- _Exercise_
All the lines below need retyping exactly, apart from the images.

- _Data section_
BEGIN
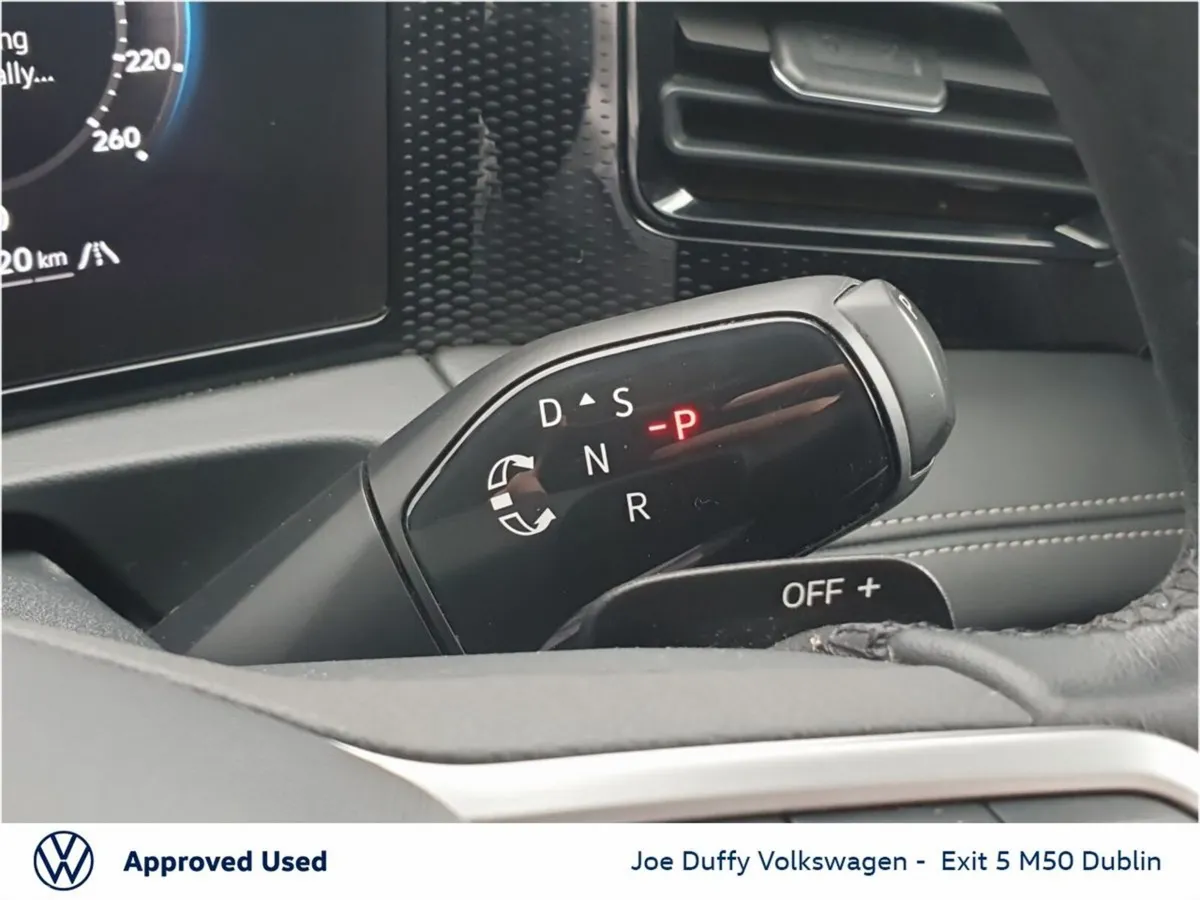 Volkswagen Tiguan SUV, Diesel, 2024, Black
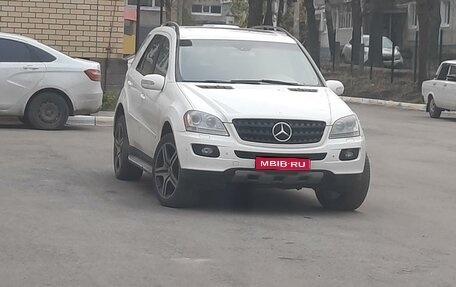 Mercedes-Benz M-Класс, 2005 год, 800 000 рублей, 1 фотография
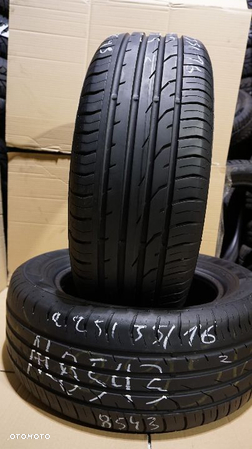 Continental ContiPremiumContact 2 225/55R16 99 W AL8543** - 1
END
- _Exercise result_
 Volkswagen Tiguan SUV, Diesel, 2024, Black
 Mercedes-Benz M-Класс, 2005 год, 800 000 рублей, 1 фотография
 Continental ContiPremiumContact 2 225/55R16 99 W AL8543** - 1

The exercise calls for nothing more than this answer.